The elements $e = \frac{1+j}{2}$ and $o = \frac{1-j}{2}$ are idempotent, and thus in our isomorphism we will map $e = (1,0)$ and $o = (0,1)$ into them respectively. Doing some algebra we can thus represent our original bilateral Mellin transform as a tessarine-valued function:
$$
\widehat{\,\mathscr{M}} f = \left(\mathscr{M}_e f, \mathscr{M}_o f\right) \\
= \mathscr{M}_e f \left(\frac{1+j}{2}\right) + \mathscr{M}_o f \left(\frac{1-j}{2}\right) \\
= \left(\mathscr{M}_e f + \mathscr{M}_o f\right) \frac{1}{2} + \left(\mathscr{M}_e f - \mathscr{M}_o f\right) \frac{j}{2}
$$
However, we have the interesting identities
$$
\mathscr{M}_e f(t) = 2 \mathscr{M} f_e(t) \\
= 2 \mathscr{M} \left(f(t) + f(-t)\right) \frac{1}{2} \\
= \mathscr{M_+} f + \mathscr{M_-} f
$$
and
$$
\mathscr{M}_o f(t) = 2 \mathscr{M} f_o(t) \\
= 2 \mathscr{M} \left(f(t) - f(-t)\right) \frac{1}{2} \\
= \mathscr{M_+} f - \mathscr{M_-} f
$$
Plugging back into the above, at last, we get
$$
\widehat{\,\mathscr{M}} f= \left(\mathscr{M}_e f + \mathscr{M}_o f\right) \frac{1}{2} + \left(\mathscr{M}_e f - \mathscr{M}_o f\right) \frac{j}{2} \\
= \left(\mathscr{M_+}\right) f + \left(\mathscr{M_-} f\right) j
$$
which does have the property that
$$
\widehat{\,\mathscr{M}} (f \ast_\widehat{M} g) = (\widehat{\,\mathscr{M}} f) (\widehat{\,\mathscr{M}} g)
$$
So that in a way we do end up back with our original idea of the positive and negative Mellin transforms, just embedded into the tessarines in such a way that the pointwise tessarine multiplication gives the correct behavior for bilateral convolution.

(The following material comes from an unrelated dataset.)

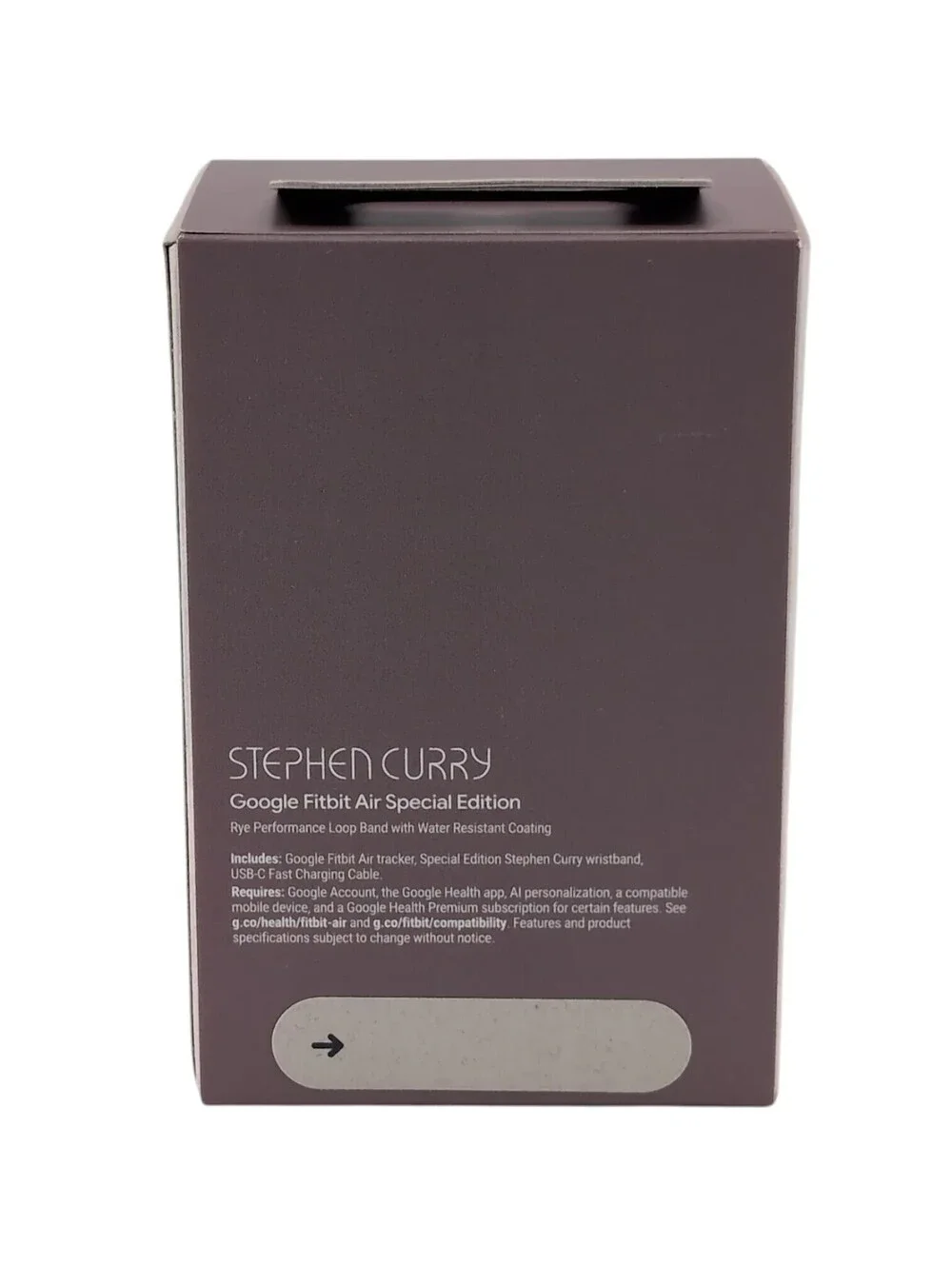 Google Fitbit Air Stephen Curry Special Edition 40mm Fitness Tracker New Sealed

There is a natural extension of this idea to the distributional setting, where we have, for instance
$$
\widehat{\,\mathscr{M}} \left\{\delta(t-1)\right\} = 1 \\
\widehat{\,\mathscr{M}} \left\{\delta(t+1)\right\} = j \\
\widehat{\,\mathscr{M}} \left\{\frac{\delta(t-1) + \delta(t+1)}{2}\right\} = \frac{1+j}{2} = e = (1,0) \\
\widehat{\,\mathscr{M}} \left\{\frac{\delta(t-1) - \delta(t+1)}{2}\right\} = \frac{1-j}{2} = o = (0,1) \\
$$
and so on, where $(1,0)$ refers to our earlier representation of the algebra as a direct product of $\Bbb C$'s.

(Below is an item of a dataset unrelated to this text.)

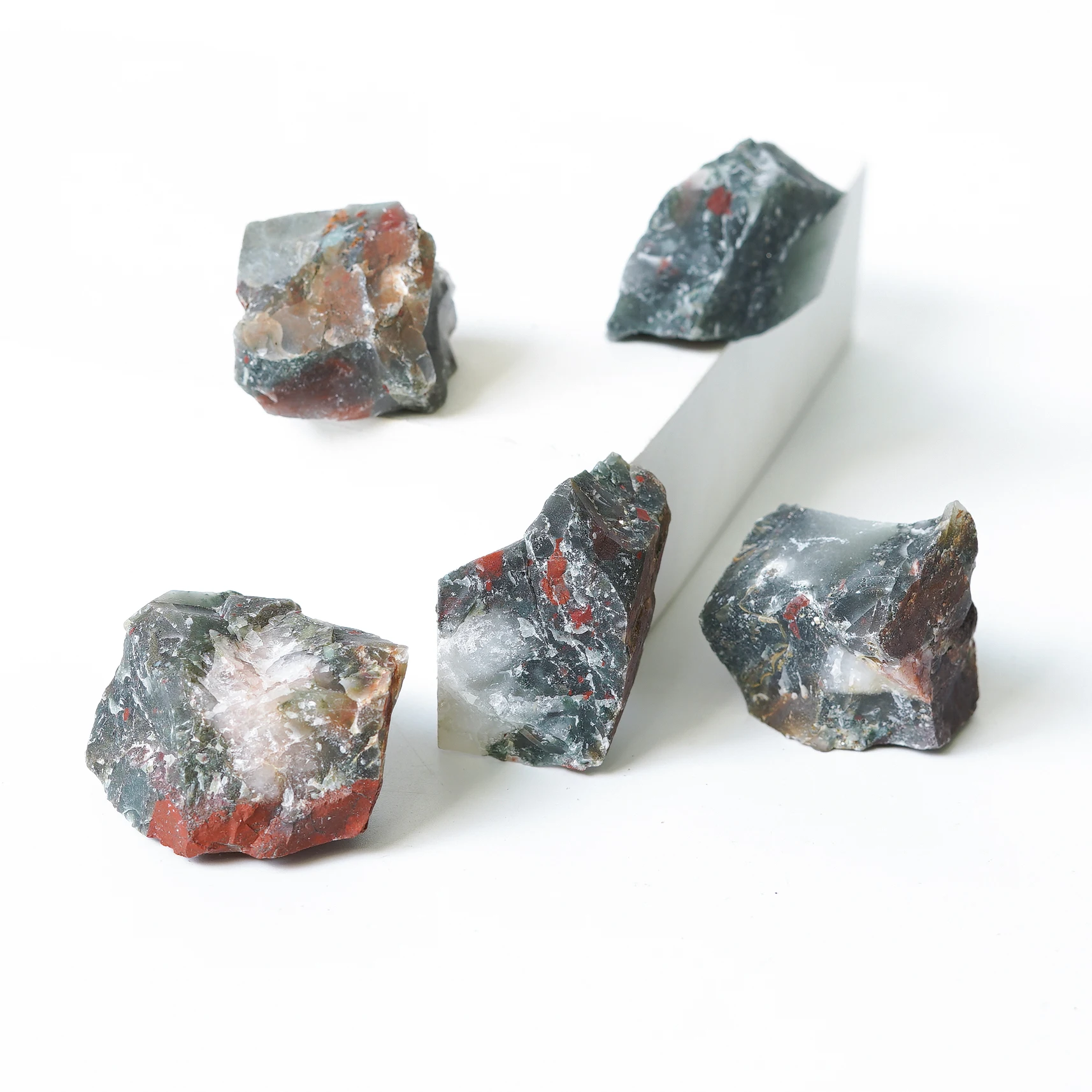 

Natural Irregular Blood Stone Energy Healing Mineral Raw Aquarium Garden Ornament Decoration Crystal Quartz Specimen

Lastly, it turns out if we want the entire thing in integral form, we can do some more fiddling about to ultimately arrive at
$$
\widehat{\,\mathscr{M}}f = \left(\mathscr{M_+}\right) f + \left(\mathscr{M_-} f\right) j \\
= \left(\int_0^\infty f(t) t^{s-1} dt\right) + \left(\int_{-\infty}^0 f(t) (-t)^{s-1} dt\right) j \\
= \left(\int_0^\infty f(t) |t|^{s-1} dt\right) + \left(\int_{-\infty}^0 f(t) |t|^{s-1} dt\right) j \\
= \int_{-\infty}^\infty f(t) |t|^{s-1} \mathbf{j}(t) dt
$$
where $\mathbf{j}(t) = \left\{ j \text{ if } t<0, 1 \text{ otherwise} \right\}$.
Best Answer
Fix an $x \in (0, 1)$. If $h$ has a singularity at $1$ and we define the convolution as an improper integral, we obtain $$f*h = \lim_{y \downarrow x} \int_y^1 f(t) h {\left( \frac x t \right)} \frac {dt} t = \lim_{y \downarrow x} G(y), \\ h*f = \lim_{y \uparrow 1} \int_x^y h(t) f {\left( \frac x t \right)} \frac {dt} t = \lim_{y \uparrow 1} \int_{x/y}^1 f(t) h {\left( \frac x t \right)} \frac {dt} t = \lim_{y \uparrow 1} G {\left( \frac x y \right)}.$$ When $y$ tends to $1$ from below, $x/y$ tends to $x$ from above and $x/y \neq x$ (since $x \neq 0$). Under these conditions, the limit composition rule holds: either $$\lim_{y \uparrow 1} G {\left( \frac x y \right)} = \lim_{y \downarrow x} G(y)$$ or both limits do not exist.